Exercise inputs.
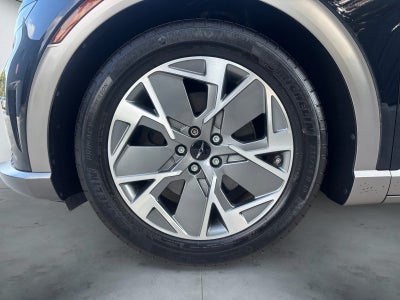 2024 Genesis GV60 Standard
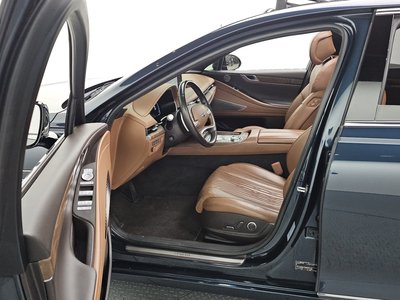 GENESIS G80 (RG3) - 10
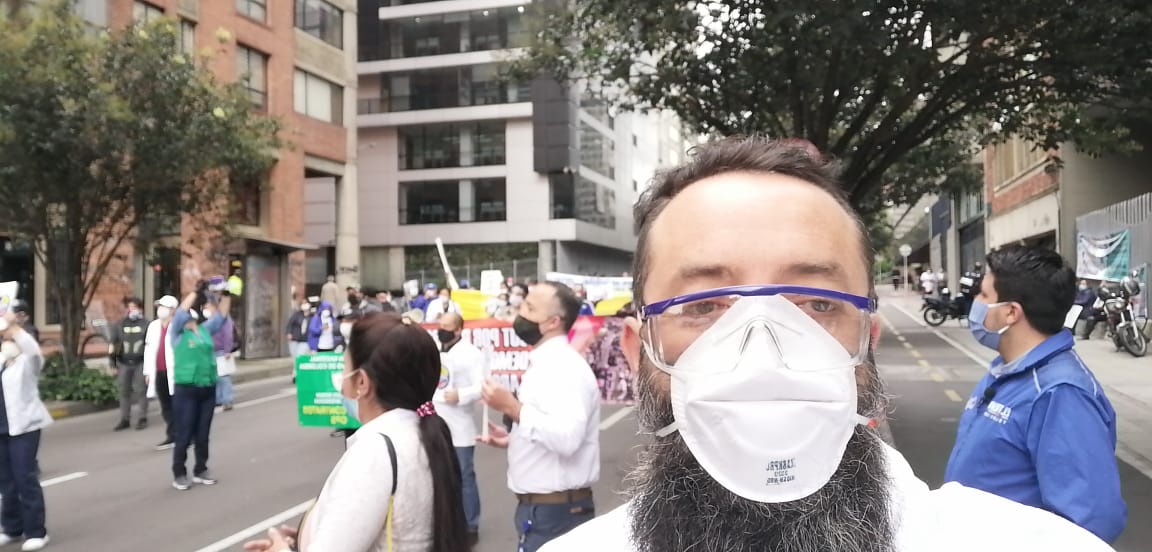 movimedicointe's tweet photo. Planton por la salud hoy #21demayo #nosestanmatando #NiHeroesNiMartires #ElementosdeproteccionYa exponemos nuestras vidas para salvarte necesitamos de tu apoyo #QuedateEnCasa #Covid_19 #coronavirus @IvanDuque @MinSaludCol @CanalRCN @NoticiasCaracol @WRadioColombia @NoticiasUno https://t.co/AyQIWV8W4l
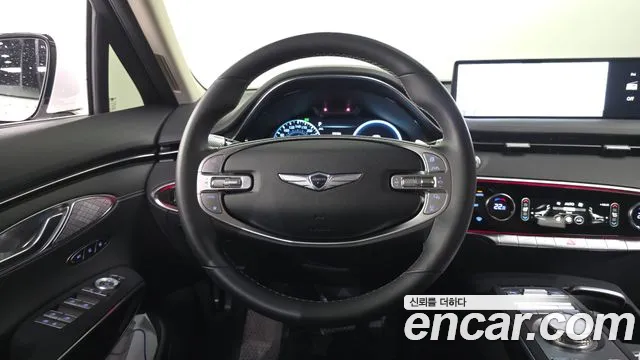 Genesis GV70 — Фото автомобиля 13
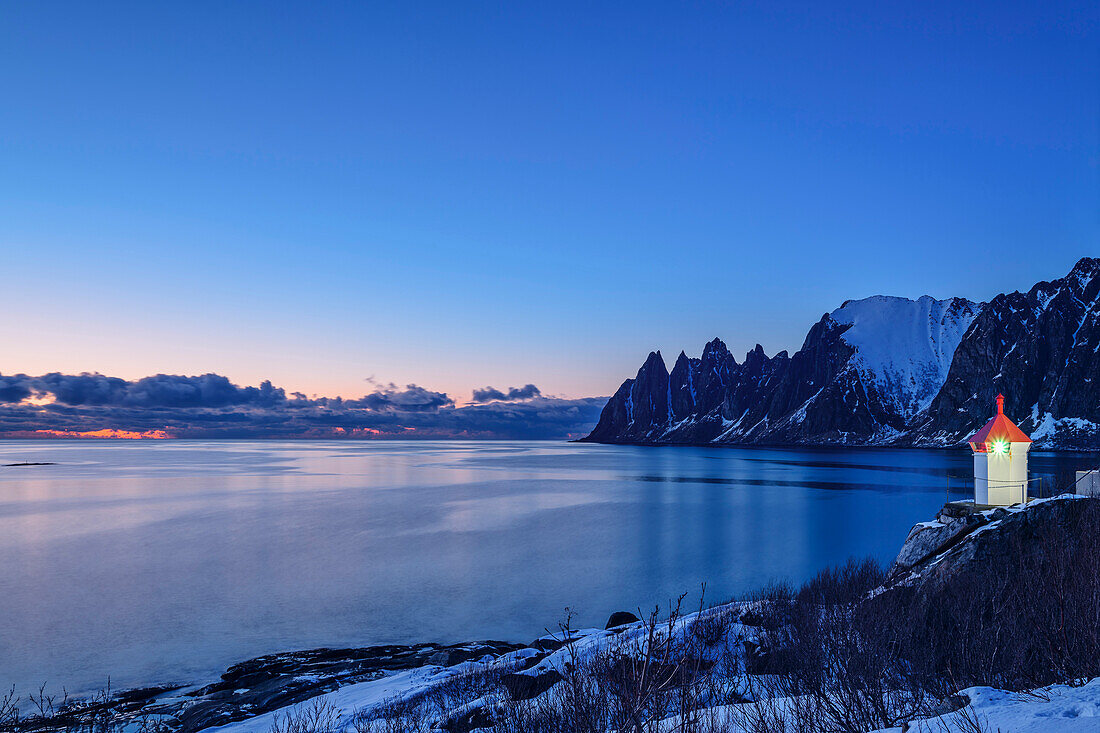 Leuchtturm und Teufelszähne über dem Ersfjord, Ersfjord, Tungeneset, Senja, Troms, Norwegen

What this task involves. Apart from the pictures, repeat every entry exactly.

Solution.
 2024 Genesis GV60 Standard
 GENESIS G80 (RG3) - 10
 movimedicointe's tweet photo. Planton por la salud hoy #21demayo #nosestanmatando #NiHeroesNiMartires #ElementosdeproteccionYa exponemos nuestras vidas para salvarte necesitamos de tu apoyo #QuedateEnCasa #Covid_19 #coronavirus @IvanDuque @MinSaludCol @CanalRCN @NoticiasCaracol @WRadioColombia @NoticiasUno https://t.co/AyQIWV8W4l
 Genesis GV70 — Фото автомобиля 13
 Leuchtturm und Teufelszähne über dem Ersfjord, Ersfjord, Tungeneset, Senja, Troms, Norwegen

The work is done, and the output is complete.